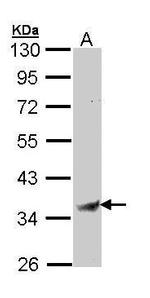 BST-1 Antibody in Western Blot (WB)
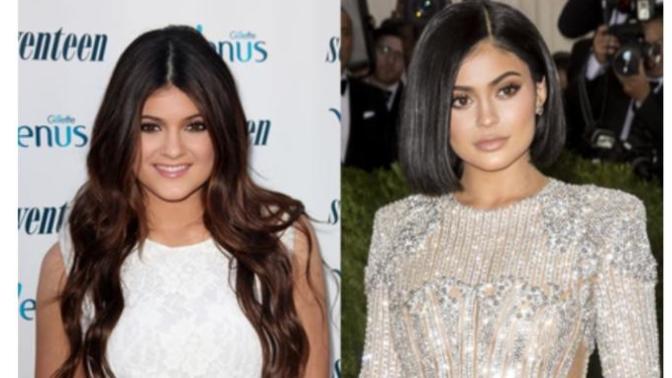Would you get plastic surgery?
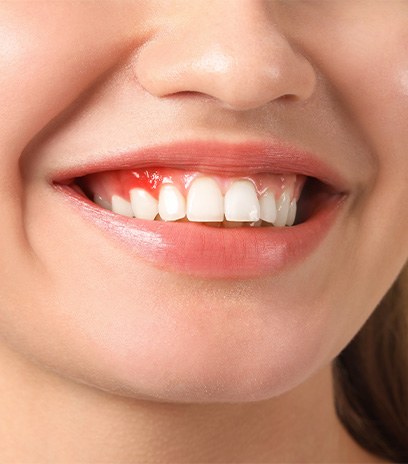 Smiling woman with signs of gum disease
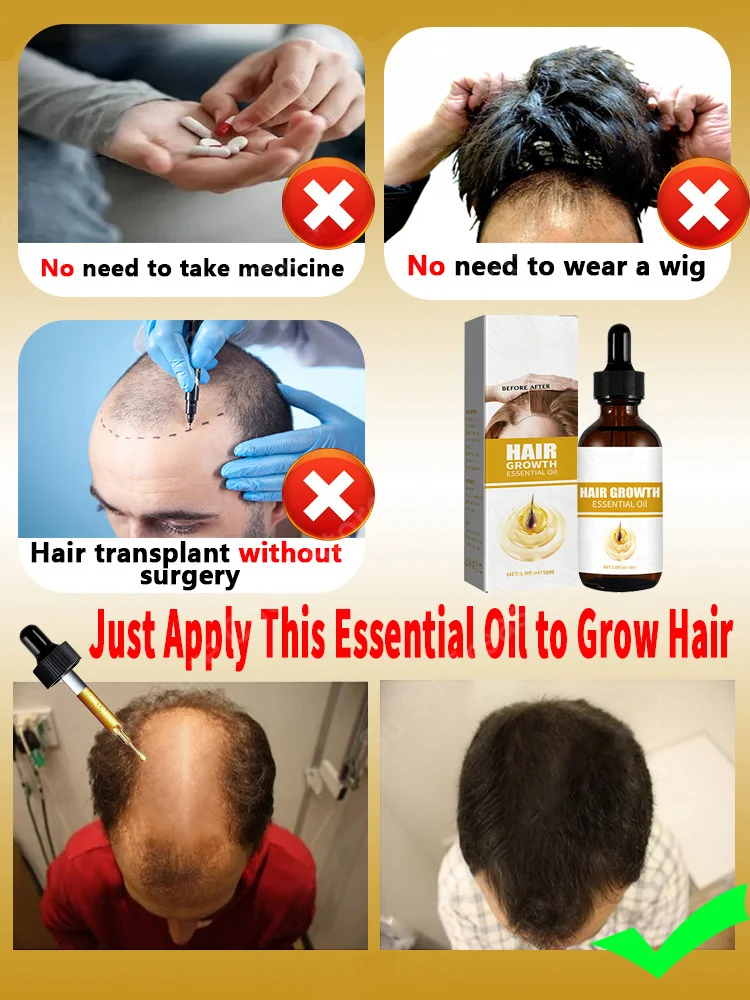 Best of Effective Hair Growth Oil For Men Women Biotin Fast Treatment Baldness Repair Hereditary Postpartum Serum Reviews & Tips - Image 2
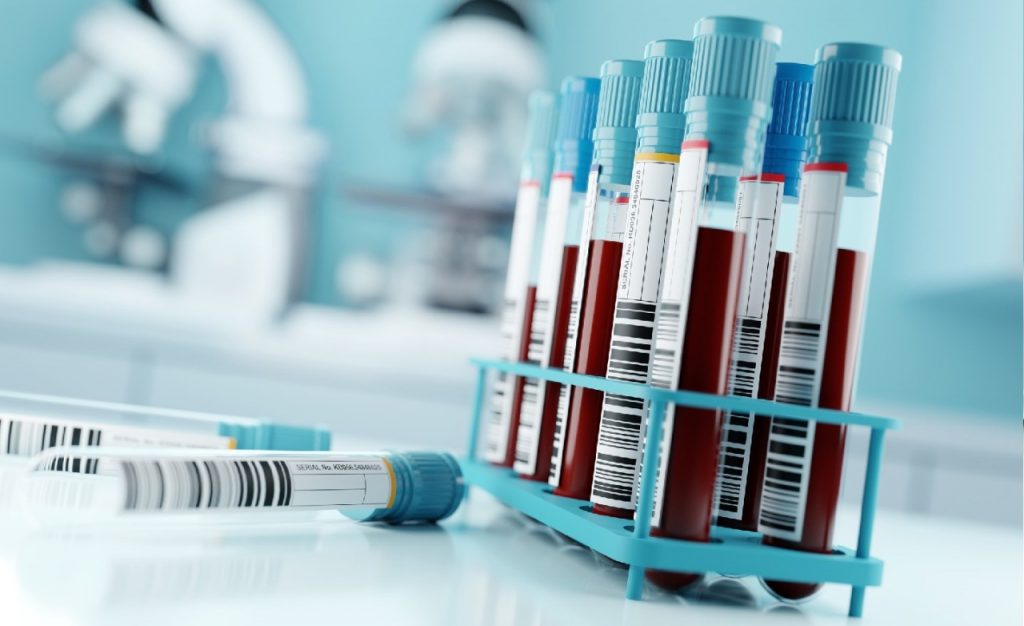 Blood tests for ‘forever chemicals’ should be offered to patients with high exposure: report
----
To do: An exact reproduction of the data is needed, with no pictures included.

Result for this task:
 BST-1 Antibody in Western Blot (WB)
Would you get plastic surgery?
 Smiling woman with signs of gum disease
 Best of Effective Hair Growth Oil For Men Women Biotin Fast Treatment Baldness Repair Hereditary Postpartum Serum Reviews & Tips - Image 2
 Blood tests for ‘forever chemicals’ should be offered to patients with high exposure: report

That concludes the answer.